In the Balance

March 30, 2011 in General Topics

I think if you’re going to even attempt writing fiction, one of the most important skills you will need to acquire is time management. Woe to you that can’t – or won’t – organize.

In my early days of writing, back when I was in college, I used to be able to spend hours a day putting prose to paper (or Word documents, rather). My goal for each sitting, every week day, was five thousand words. If you’re keeping score at home, that’s twenty-five thousand words a week, in theory.

It was too much. Before I knew it, I’d turned writing into a chore and hampered my own ability to enjoy it as much as I had, stifling in turn my creativity. Over the past few years, I’ve trimmed down what exactly I’ll require myself to do writing-wise each week. This is for pragmatic reasons: I have more things competing for my time than I ever have, and until I go full-time as a writer I won’t be able to spend huge tracts of time writing. That, and it was never fair for me not to count the house-keeping items as part of my writing efforts.

Word count used to be my only barometer. Everything else was superficial, and I didn’t allow myself to consider it part of my “quota”. Big mistake. Over time, especially as I started submitting short fiction, editing stories both for myself and at the request of editors, etc., I realized writing fiction was about more than just putting down a manuscript to paper. I had transitioned into the realm of managing my fiction and my writing career.

These days I count so many things as time spent working on this multi-layered, organic thing called a writing career. Of course the act of creating prose is still the most enjoyable, but writing blog posts, working on this website, contacting agents, working with editors and editing my own work, and generally trying to get the word out in as many ways as possible – all these things factor into what I consider the writing workload.

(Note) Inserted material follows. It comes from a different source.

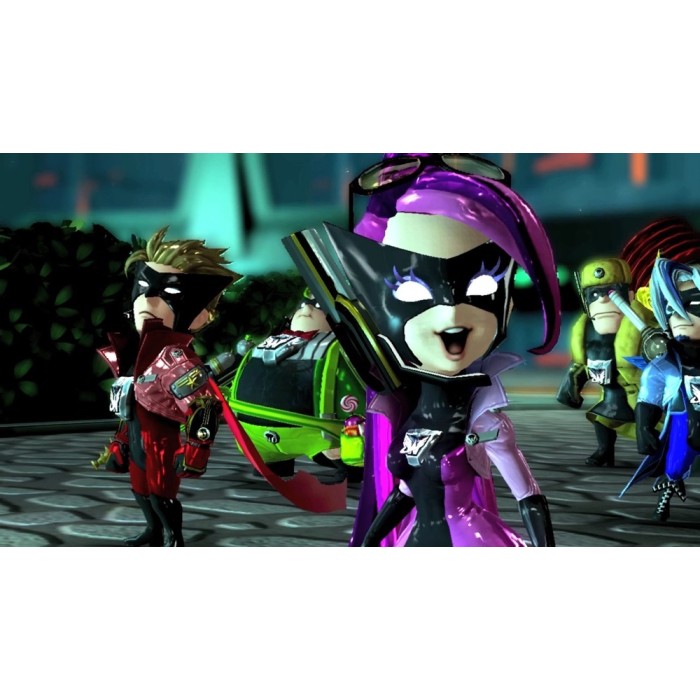 Игры PlayStation 4: The Wonderful 101: Remastered от Nighthawk Interactive в магазине GameBuy, номер фото: 3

You have be dynamic and flexible about the many demands this pursuit will make of you. Otherwise, I think you’ll bury yourself in frustration. There is no question that turning out fiction has actually gotten easier on me since I learned to balance it with what else I had going on. This isn’t to say I won’t work my butt off if I can ever go fulltime with this gig. Rather, in the interim being reasonable about I can invest in time keeps me from investing in a length of rope and a footstool.